上等人都没有做到忠厚老实吃苦耐劳,凭什么下等人就能做到?所以城里人身上有什么毛病,乡下人也有,而且还有放大!
为什么会放大?因为经济基础决定上层建筑。人穷志短马瘦毛长。农村人因为占不到城里人就业医疗养老那些大便宜,只能占点小便宜。干活偷点懒,少干就是多赚嘛;顺手拿根别人地里的葱,晚上偷着在别人鱼塘下一网,秋天摘一点别人家的茶籽,特别是那些大企业的茶籽——他们有的是钱。
不要以为周新平的“发心”是好的,农民就不偷大三湘的茶籽。
特别是知道一个人心好,需要时间和事件。
一般农业投资者,当8万棵树苗死了7万9千800棵时,或者没钱了,或者觉得太难,大多数会选择放弃,走回向农民收茶籽的老路。于是,尽管最初是好心,但在农民眼中就成了骗子。因为你对土地的承包至少几十年,剩下的土地租金找谁要?更关键的是你可能还拿了政府的补贴!
哭了三天的周新平没放弃,找来钱继续做。于是,农民发现大三湘真的不一样。慢慢的,经过一点一滴各种事实,到后来,农民给大三湘起了个值得骄傲的外号——“三不欠公司”———不欠租金、二不欠工程款、三不欠农户管理费。
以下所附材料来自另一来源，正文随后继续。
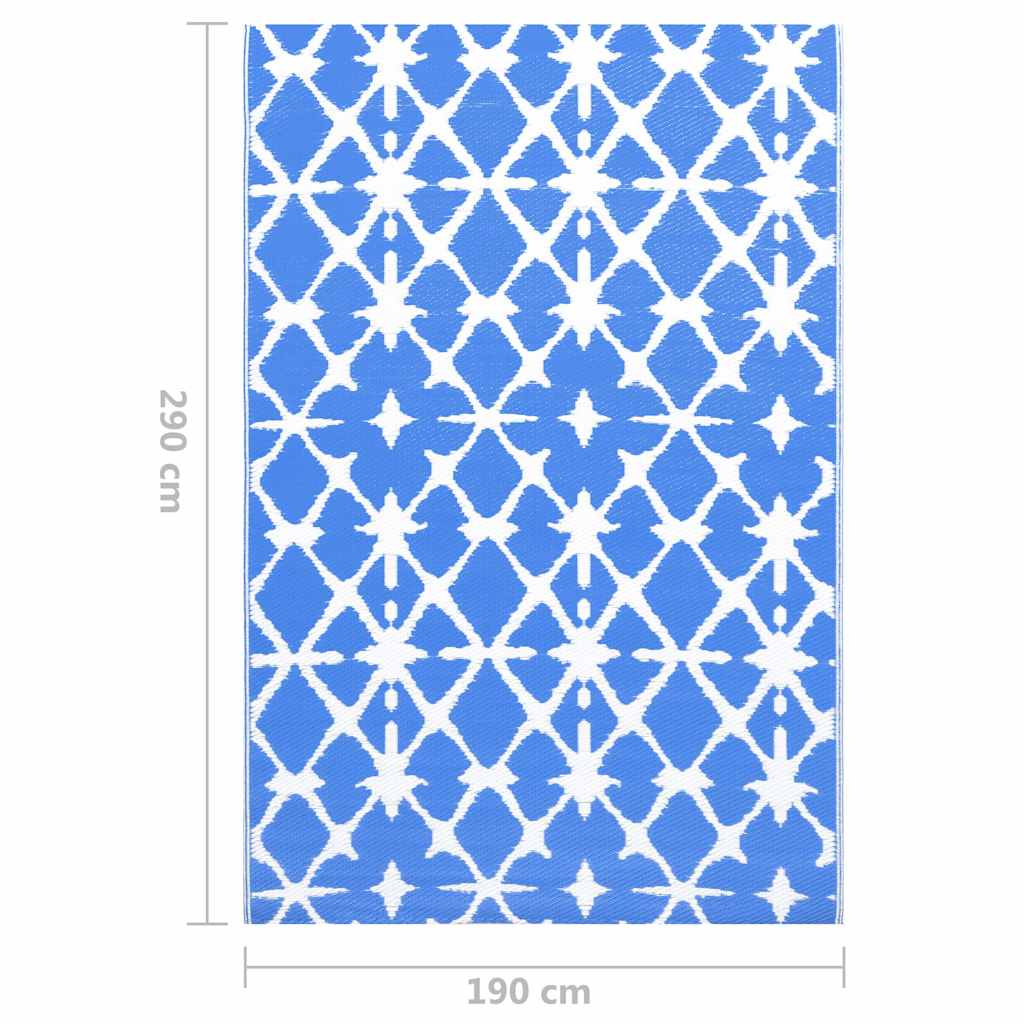 vidaXL Utomhusmatta ARAKIL blå och vit 190x290 cm PP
从开始的不愿意租给大三湘到第三年主动来找大三湘租地,有的农民甚至把已经跟其他公司签约的土地解除合同,一定要租给大三湘,以至于,大三湘本来只准备种植5000亩示范基地,不得不突破规模到3万亩。
这个外号让周新平骄傲,但却发人深省,难道大多数农业公司成了“三都欠”的公司?
在此,请读者跟我们一起思考:为什么大多数公司欠帐?
大三湘“投入太大了。”平安村书记周法文告诉我们,“我们是农村的,懂得农事,大三湘的做法符合做农业的要求。”在大三湘刚刚修整土地的时候,周法文就看到了不同。“以前没有见过花这么大力气的,一般公司最多搞几百亩。但是大三湘在常宁基地第一年就把4000亩荒山平整完,好多台挖掘机一年到头在山上。付钱全部是几百万、几百万地付。投资农业是要很大资金的,我们一看,这应该不是骗钱的,是干实事的。所以大家做事也就越来越认真,大三湘说话我们就听的多。”
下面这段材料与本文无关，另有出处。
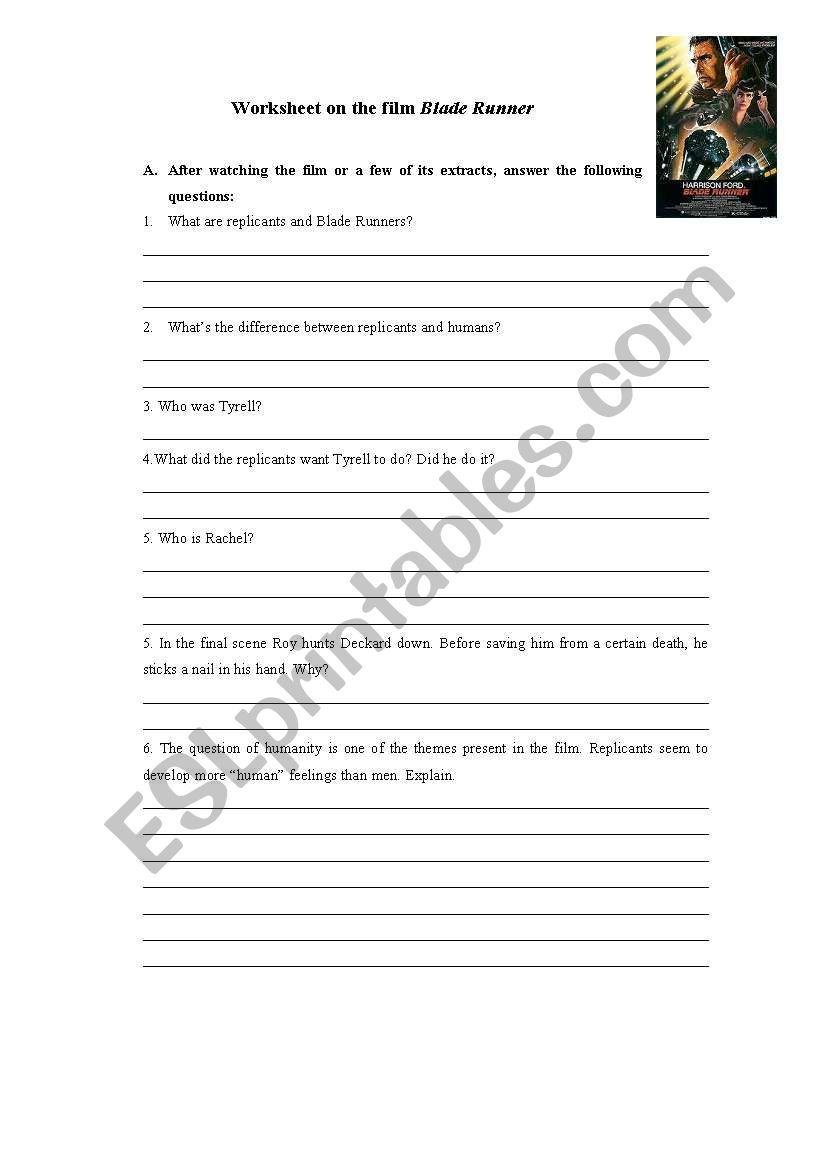 Blade Runner worksheet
然而,农民也不会因为大三湘是“三不欠公司”就不偷大三湘的茶籽。
大三湘的每片茶山都请当地有威望的村干部做管理员,协助处理与农民的关系。“董事长发了工资给我,我是管理人员,就要负责。”现在平安村有7个组长,5个村干部协助大三湘管理。茶籽成熟的时候,每天村里都有人在茶山交界的地方巡查。“镇政府和公司派专车在村里宣传,告诉农民茶籽不能提前摘,因为油量少,摘了也没用,还浪费了茶籽。。”周法文告诉我们,虽然老百姓都明白这些道理,但仍不免有少部分人贪小钱。为此,大三湘在寒露前20天开始,会组织巡逻队巡山。周法文这个曾在外打过工,见多识广的村支书甚至建议在油茶籽成熟期间,用无人驾驶飞机巡逻,防止有人擅自上山。